Quand j'ai commencé ma thèse de doctorat sur les baptistes en France, en 1995, les protestants évangéliques étaient encore non seulement peu connu, mais aussi assez régulièrement stigmatisés comme sectaires. C'était l'époque où la religion était encore identifiée, en France, au catholicisme. Au siècle dernier.
Depuis, la société française s'est diversifiée (montée, entre autres, de l'islam), s'est pluralisée, s'est sécularisée aussi.... et s'est ouverte à une culture plurielle qui a modifié, entre autres choses, la perception du phénomène évangélique.
L'évangélisme, branche militante et conversionniste du protestantisme ("on ne nait pas chrétien, on le devient"), reste aujourd'hui souvent mal compris. Parfois caricaturé. L'antiprotestantisme, d'une manière générale, n'est pas une vue de l'esprit. Il existe, en France, des courants minoritaires, mais actifs, qui continuent à vouer au protestantisme, par principe, une méfiance tenace.
Si l'on écoute ces voix, le protestantisme, ce ne serait pas très "français". En tout cas "pas catholique" pour deux sous! Et un peu trop américain pour être honnête. Les évangéliques représentant la branche la plus prosélyte et "visible" du protestantisme, ces derniers concentrent souvent les critiques. Blandine Chélini-Pont, dans La nouvelle France protestante (ouvrage collectif publié en 2011) a par ailleurs justement pointé une certaine sous-représentation médiatique du protestantisme en France, en tout cas par rapport à l'islam ou au bouddhisme.
Les protestants? On ne sait pas bien ce que c'est, et on garde un peu ses distances.

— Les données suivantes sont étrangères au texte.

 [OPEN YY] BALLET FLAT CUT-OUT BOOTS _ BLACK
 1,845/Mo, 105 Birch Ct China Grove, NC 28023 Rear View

Cependant, je puis affirmer qu'en moins de 20 ans, le climat a changé. La perception de l'évangélisme, en particulier, a souvent gagné en nuances et en profondeur. Les critiques n'ont pas disparu, loin s'en faut, et du reste, l'évangélisme DOIT évidemment être critiqué, comme tous les acteurs de la société. Des dérives, dans ces milieux, il y en a! Et ce blog en a déjà pointé diverses variantes, chemin faisant.
Mais les caricatures sont souvent moins déformantes. Le regard plus rigoureux et plus attentif. La croissance régulière du phénomène évangélique n'y est pas pour rien. Les protestants évangéliques représentent plus d'un chrétien sur quatre dans le monde en 2012, et environ deux pratiquants protestants sur trois en France. Difficile de pointer paresseusement comme "secte" ce qui représente, dans bien des pays aujourd'hui, les forces vives du christianisme du XXIe siècle!
L'essor d'une culture pluraliste contribue aussi à ces évolutions, même si le culte ronflant de la "tolérance" sait se montrer, à l'occasion, bien intolérant lorsqu'il s'agit de sortir du marigot des copains. Enfin, et c'est peut-être un paradoxe, la sécularisation, qui atténue certaines fausses évidences sociales (du style, catholicisme=christianisme) joue aussi un rôle dans ce regard neuf porté sur les évangéliques.
En témoigne par exemple cet article de L'Est Républicain, quotidien lorrain qui compte, depuis longtemps, parmi les fleurons de la presse régionale française.
Dans un article publié le 18 août 2012 en page 4 de l'édition de Nancy, Frédéric Clausse propose un portrait d'une église évangélique de banlieue nancéenne, sous le titre "Une autre parole" (cliquer ci-dessous pour agrandir).
Le pasteur Ernest Serret a été interrogé, ainsi que plusieurs fidèles.
On remarque un ton posé, un souci pédagogique et une volonté d'expliquer sans caricature, qui permet au lecteur de découvrir l'identité évangélique, le profil de l'église Evangélique de la Mission, ses activités d'évangélisation (chorale dans un centre commercial, chapiteau dressé sur le parking d'un supermarché), son rôle social, son insertion dans les réseaux (rôle du CNEF, le Conseil National des Evangéliques de France).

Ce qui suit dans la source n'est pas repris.